Jun 272012
 

Got notification today that my session has been approved for VMworld in both San Francisco and Barcelona.  The session details are:

Session ID: INF-VSP1196
Session Title: vCloud Director Networking Deep Dive
Track: Infrastructure

If you are going to be at either venue try and attend my session to get you vCloud Networking questions answered.

As I am about to start putting the material for this together, feel free to leave comments with things you would like to see covered in the session, and I will try and include them.  I am hoping to make this as worth while as I can for everyone that attends.

I would like to publicly thank all of you that took the time to vote for my session during the public voting.  I am sure you are the ones that made the difference, see you at VMworld.

Feb 112012
 

I have fielded a number of questions on VMware’s multicast support and figure it is time I did a short blog on it. There is a good white paper on the topic on the VMware site called Multicast Performance on vSphere 5.0 that deals with performance changes that have been made to enhance multicast support in vSphere 5.

The recurring question I get is how multicast is handled in vSphere. The short answer is the vSwitch does not play a role in the IGMP join and leave messages that the VMs send in order to start and stop receiving multicast groups respectively.

The vSwitch, and this is for both for the Standard Switch (VSS) and vSphere Distributed Switch (vDS), have an inherent knowledge of the configuration of the VM’s Virtual NIC (vNIC). Typically when a Guest OS is interested in receiving traffic from certain multicast group, the network stack in the guest OS pushes down the corresponding multicast MAC address to the vNIC. The vSwitch gets this multicast MAC address from the vNIC emulation directly and tracks it in the forwarding table. When the Guest OS sends out IGMP Join/Leave messages, the vSwitch does not interpret them and forwards them to the physical switch (pSwitch) which makes the usual decision on accepting the join, or not, based on it’s configuration. This is possible on the pSwitches because they use IGMP snooping and keep track, on a per physical port, what multicast groups to send out of each port.

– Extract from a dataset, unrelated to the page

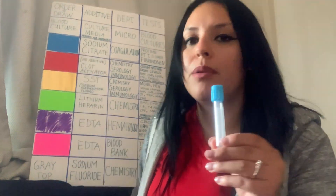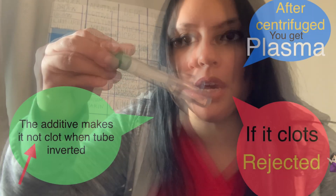This is a green top — you can hardly tell, but the additive is in there. Sometimes it looks like it's sprayed on the tube. This is the actual blue top, and the additive is more noticeable here. I want you to look at it — it has an additive in it even if you can barely tell.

When multicast traffic comes into the vSwitch, the vSwitch forwards copies of the traffic to subscribed VMs. Forwarding for multicast traffic is done the same way as unicast, and is based on destination MAC address. Since the vSwitch tracks which vNIC is interested in which multicast groups, it delivers packets only to right set of VMs. In this way the vSwitch does not deliver packet to all VMs but only to vNICs that match the forwarding table lookup.

If a VM leaves a multicast group, it will send a IGMP leave message which will be forwarded to the pSwitch and then removes the multicast MAC address from it’s vNIC to stop receiving the stream. The vSwitch will then remove the vNIC from the forwarding table for that multicast group. If the VM in question was the last one on the ESXi Server that had requested the multicast group, the pSwitch will also remove the group from the list of multicast groups to send out of the physical port.

What if the VM is vMotioned?

When a VM is vMotioned, it’s vNIC configuration goes with it. The destination hosts sees this vNIC configuration and updates it’s forwarding tables to forward the necessary multicast traffic it receives to the VM. To prevent any transient multicast packet loss after a vMotion, the vSwitch also injects an IGMP query into the VM, using its unicast MAC address, so that multicast receiver presence is known to the pSwitches immediately. This avoids the VM missing multicast traffic by having to wait for next IGMP query to come from a IGMP querier on the network.

The IGMP querier is usually a router on the network and is required in order for IGMP snooping to work on pSwitches. The pSwitches use this information in their multicast forwarding tables and without it would not be able to do IGMP snooping. The routers send out IGMP queries to address 224.0.0.1, all-systems multicast group, and the VMs that have subscribed to a multicast group respond with a membership report listing the groups they are participating in. The pSwitch snoops this information and updates its multicast forwarding tables to starts forwarding the multicast groups for the VM.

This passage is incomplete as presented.